De reden dat ik hier naar vraag is omdat de site zelf op zo'n snelle manier opzetten voor direct resultaat zorgt en er een stuk concreter gesproken kan worden over de invulling. Zo lang er niks zichtbaars is kan er tot in de eeuwigheid gediscussieerd worden over hoe het zou moeten zijn... een incrementele aanpak lijkt me dus gewenst...

----------

## garo

 *kammicazze wrote:*   

> Heb ergens in het gentoo forum gelezen dat die vent Thrasher, de eigenaar van de gentoo-wiki site, geld krijgt per keer er iemand de gentoo-wiki site gebruikt.

 

Geloof ik niet veel van, op de engelstalige wiki staat er helemaal niks van reclame en op de nederlandstalige staat gewoon helemaal onderaan:

 *Quote:*   

> Wie betaalt de servers en de internet connectie?
> 
> Deze Wiki wordt gehost door thrashcorp.com (http://www.thrashcorp.com).
> 
> Zij onderhouden en betalen de servers en de internetconnectie voor ons.
> ...

 

Trashcorp is zijn bedrijf.
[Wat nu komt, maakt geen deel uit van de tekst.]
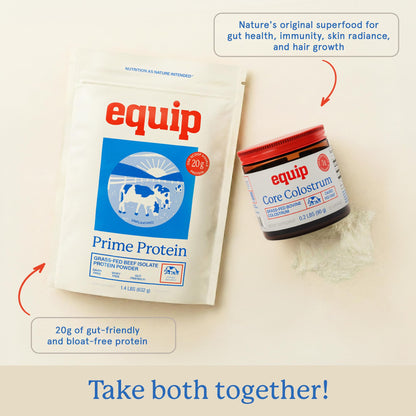 Equip Foods Core Bovine Colostrum Powder - 3,000mg Grass Fed Colostrum Supplement - Gut Health, Immunity, Recovery Lactoferrin Supplements - Keto Friendly Bovine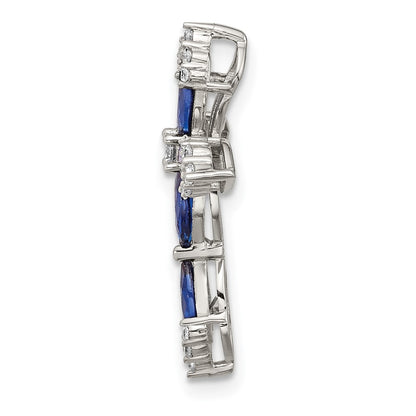 Sterling Silver Flash Platinum-Plated Synthetic Blue Spinel and CZ Cross Chain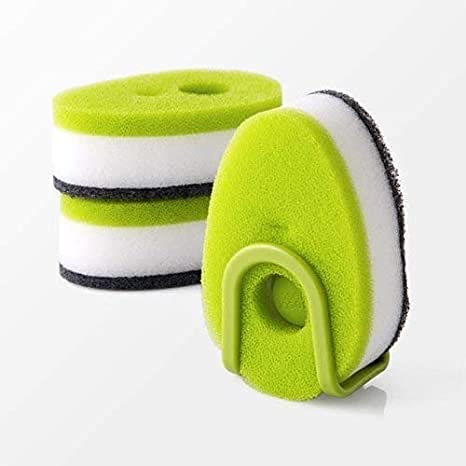 Wishbone Pack of 3 Triple Layer Soapy-Sponge Self Release Dish Wash Liquid Sponge with Soap-Dispensing Capsule for Kitchen & Home, Car Cleaning Uses - Image 1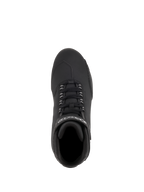 Alpinestars Stella Sektor Waterproof Shoes, Women's Motorcycle Riding Shoes, Black Silver, top-down view showing speed lace system and branded strap, microfiber upper with textured shift pad for road riding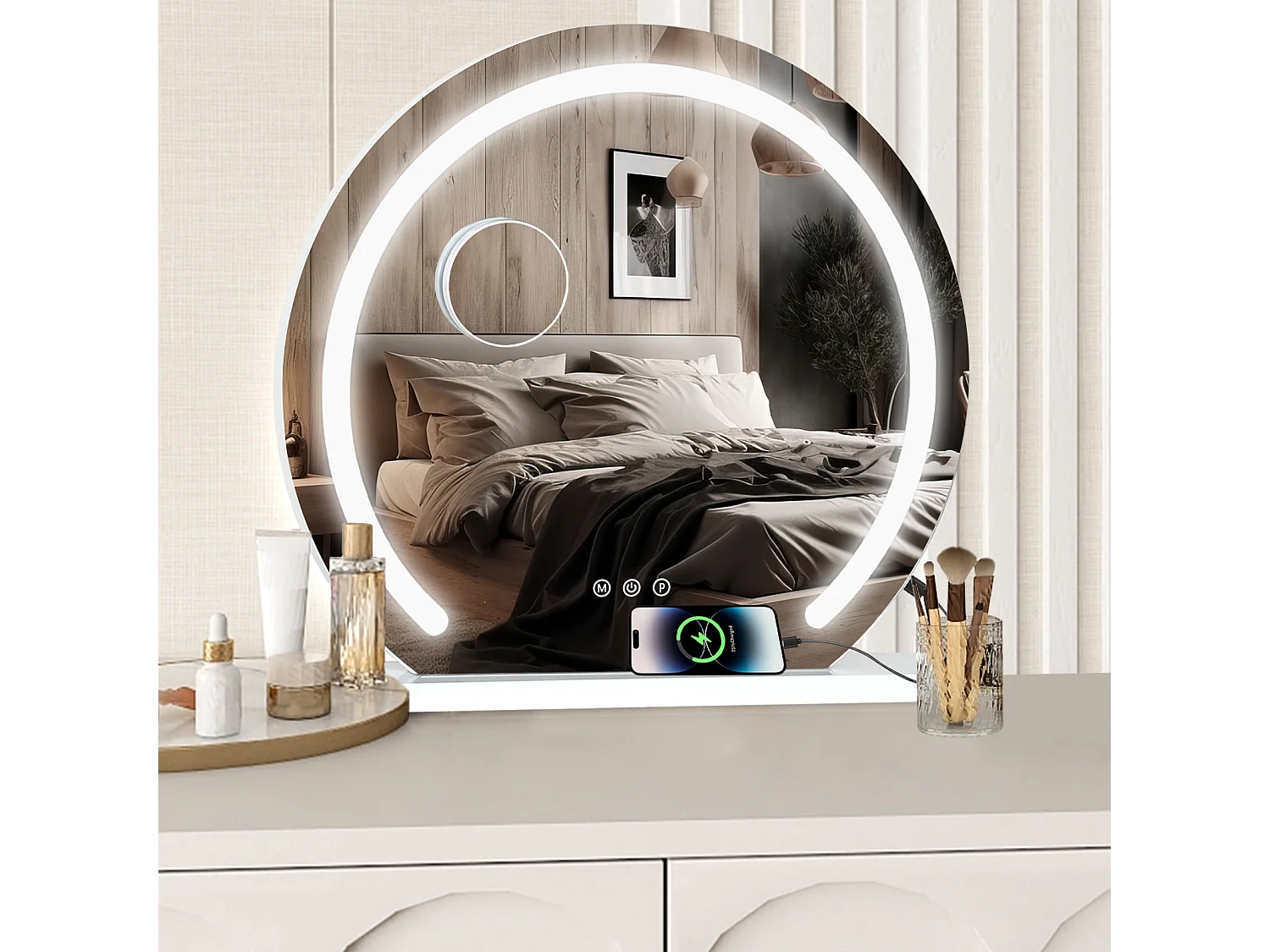 Miroir rond de maquillage LED 50x48cm - PULUOMIS - Contrôle tactile, 3 couleurs de lumière, luminosité réglable, port USB - Blanc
Ik heb dit er op gezet als dank. Hij host de wiki dus leek het mij eerlijk om hem daar voor te bedanken.

----------

## cazze

Kan er niets meer over terug vinden. Volgens mij was het een uitspraak van uberlord, een gentoo dev. Er was iets met het posten van zijn Wireless howto op de wiki site. Maar ik zie nu dat hij hem daar zelf onderhoud in de faq. Zal dus maar een gerucht geweest zijn.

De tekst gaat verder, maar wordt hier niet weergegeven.